8 réponses à “De quoi la cancel culture est-elle le nom?

  1. Bravo monsieur Béguelin ! J’ai bien aimé votre article. J’ai apprécié que vous ayez cité ce sexist asshole appelé Molière qui sera bientôt interdit si ça continue comme ça. En effet, il est bien clair que l’idéologie woke, les gender studies, le féminisme etc., ne peuvent pas résister à Molière, à ses précieuses ridicules ni à son école des femmes. Psr conséquent Molière doit être annullé (“canceled”) .

    Je vous souhaite beaucoup de succès dans vos activités de saltimbanque, si toutefois vous parvenez à survivre malgré la politique de destruction sociale et culturelle menée par le dictateur d’opérette Berset.

    1. Merci pour votre commentaire. Pour ce qui est de la situation du milieu culturel face aux décisions des autorités (qui ne tiennent pas à un seul membre du CF), je vous invite à lire le précédent billet de ce blog, qui en traite justement.

  2. Vous dites que la cancel culture reprend des mœurs de l’extrême-droite en disant que celle-ci « est coutumière du coup de poing face à des œuvres qui lui déplaisent ». Cette propriété n’appartient pas qu’à l’extrême-droite mais à tous les extrêmes en général: le communisme a fait exactement la même chose. Les extrêmes sont classés à droite ou à gauche selon de toutes petites différences. Parfois, on ne sait même pas les classer. Pour le nazisme (contraction de national-socialisme) que l’on a classé à l’extrême-droite, on aurai très bien pu le classer à l’extrême-gauche (le socialisme étant de gauche). Il est donc vrai de dire que c’est un nouveau fascisme de gauche. Les extrêmes ont de toute façon beaucoup de points commun avec notamment le refus de la discussion avec les gens qui ne sont pas d’accord.

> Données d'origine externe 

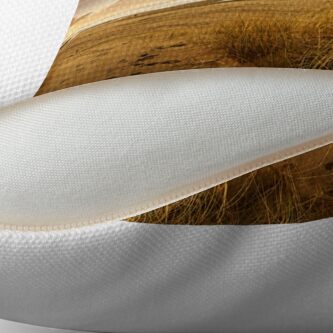 Alternate view of Dunes Throw Pillow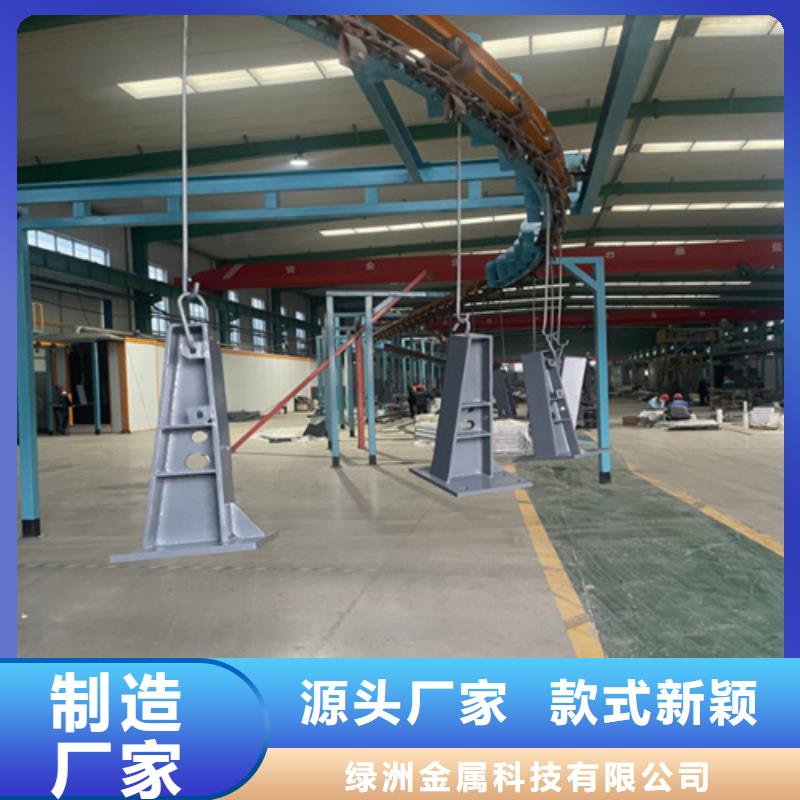 【桥梁防撞护栏】钢板立柱批发商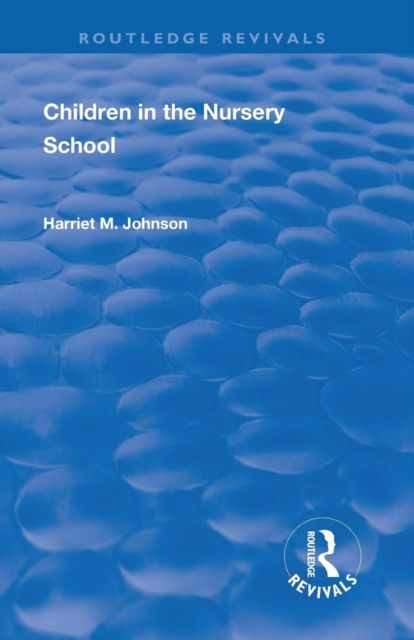 Revival: Children in the Nursery School (1928)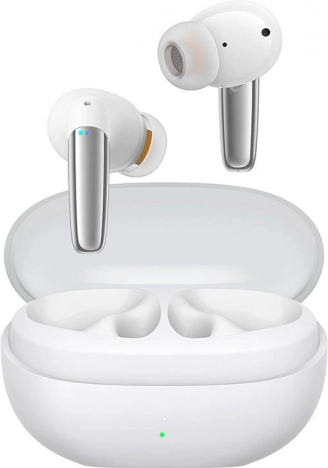 Bezprzewodowe słuchawki True Wireless JOYROOM JR-BB1 białe
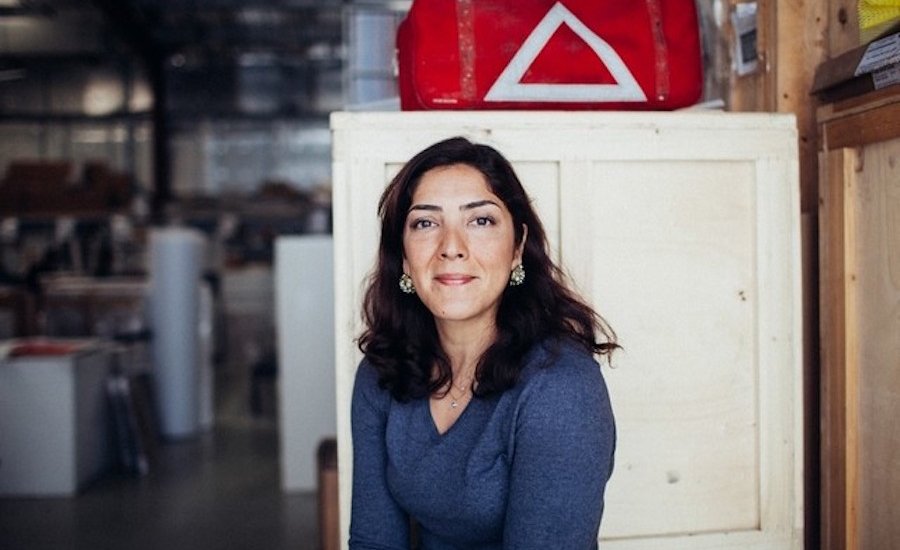 Meet the Dealers: Dubai's The Third Line Brings Middle Eastern Artist to the Fore in the West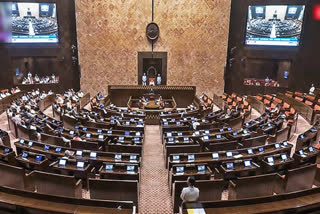 Opposition MPs walked out of the meeting of the parliamentary panel hearing a presentation from the Ministry of Minority Affairs on the Waqf Bill.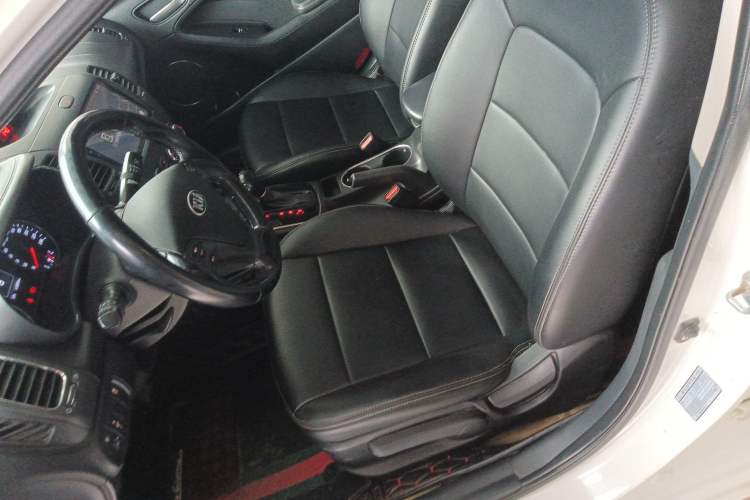 Used Kia K3 2016 1.6L Automatic GLS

    1. Ma remarque est spécifique à la liberté artistique, qui, même sous Staline, a pu être en partie préservée (grâce à Gorki notamment).
      Mais il est vrai que c’est une caractéristique des totalitarismes que de vouloir régir l’art comme le reste du réel. Je préfère ce terme car il inclut les théocraties, qui ne sont pas en reste.

      1. Ah, mais c’était effectivement un art de faire disparaître les camarades “déchus” sur les photos officielles… comme aujourd’hui les héros nationaux “déchus”.

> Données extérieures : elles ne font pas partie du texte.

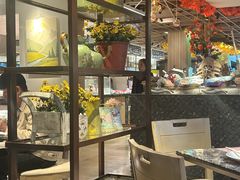 -金海湾自助餐厅(金陵饭店)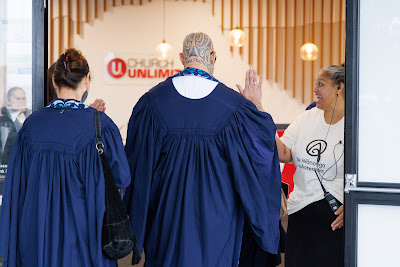 Photo from Ceremony 7 of the TWoA Tāmaki Makaurau 2025 Graduations (May 2025) held at the Mangere Arts Centre in Auckland, New Zealand on Wednesday, 28 May, 2025. Photo by Mike Walen / KeyImagery Photography. Copyright: © 2025 Te Wānanga o Aotearoa.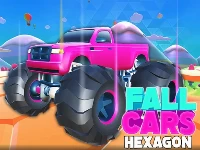 Fall cars : hexagon 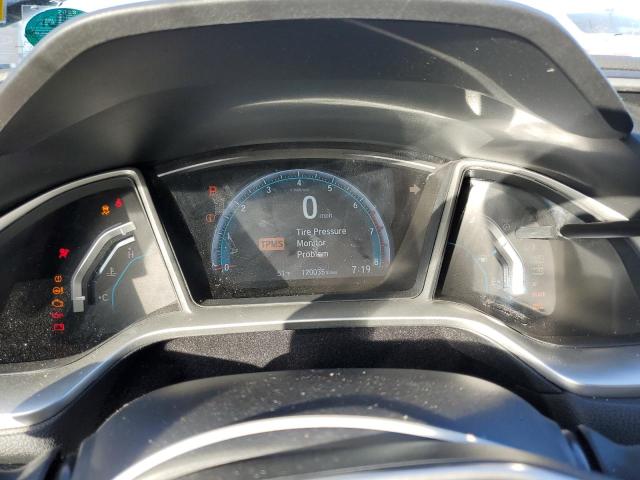Photo 9 from auction – 2016 HONDA CIVIC EX with VIN 19XFC1F39GE029488
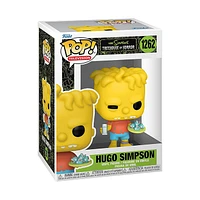 Funko Pop! Television Hugo Simpson The Simpsons Treehouse of Horror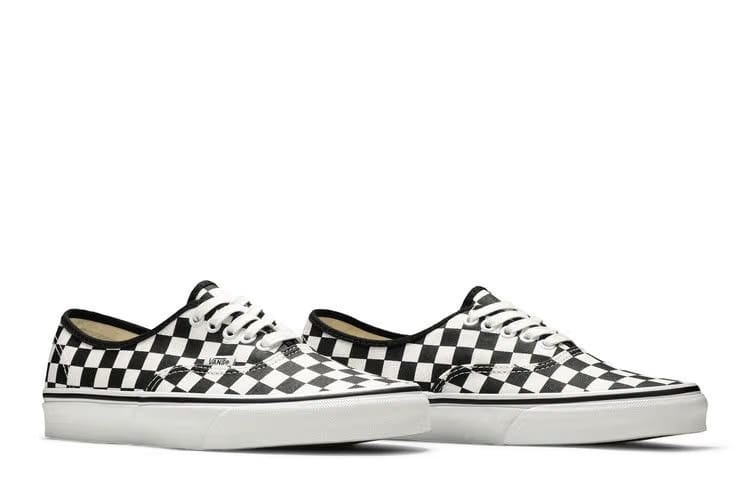 Vans Authentic Checkerboard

        Le jour où ils déboulonneront les statues de Staline, je les rejoins 🙂

        1. Ah vous avez du retard, mon cher, nombre d’entre-elles l’ont été il y a belle lurette!
          Mais parallèle fort pertinent sur l’effacement photographique coutumier de ses purges.
          Il y a un très bon ouvrage de David King sur la question intitulé “The Commissar Vanishes”

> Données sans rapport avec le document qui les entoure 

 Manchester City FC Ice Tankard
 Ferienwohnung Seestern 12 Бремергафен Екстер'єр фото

  3. Votre lucidité mérite des éloges. Elle est bien trop rare dans la confusion actuelle des esprits, dont certains paraissent succomber à la manipulation! Et la caricature qui l’accompagne est magnifique (Bernard Blier a toujours soutenu que Michel Audiard lui avait “piqué” cette citation extraordinaire).
    En réalité, on peut voir dans cette attitude caricaturale une imperméabilité totale à la culture, quelle qu’elle soit. Ces extrémistes (peu chaut le camp dans lequel on les classe) n’ont jamais lu, jamais écouté, jamais vu, jamais contemplé, donc rien ressenti! De toute façon, ce qu’ils ont peut-être lu ou entendu une fois les dépasse; ils sont incapables de le comprendre!
    Jamais on ne rendra justice aux descendants des esclaves en détruisant des statues ou en débaptisant des rues. Encore moins en interdisant de jouer une pièce de théâtre ou une symphonie (il paraît qu’en certains endroits des USA, Mozart et Beethoven sont considérés comme des racistes…). En revanche, on s’honorera d’avoir rendu justice en étudiant l’Histoire de façon neutre et objective. Mais prendre de cette façon la culture en otage est une abomination!
    Mais vous avez raison; le pire n’est même pas d’interdire, mais de devoir penser ou faire comme ils le veulent.
    Pour mieux illustrer vos propos, je retournerai contempler la gravure de Goya: le sommeil de la raison engendre des monstres!
    Bien à vous.

    1. Merci pour cet éloge!
      Je ne sais s’il y a véritablement incapacité à comprendre ou si c’est un effet de l’époque où les réseaux sociaux sont bien plus vecteurs d’émotion que de réflexion, et de contemplation de soi plutôt que d’ouverture au monde.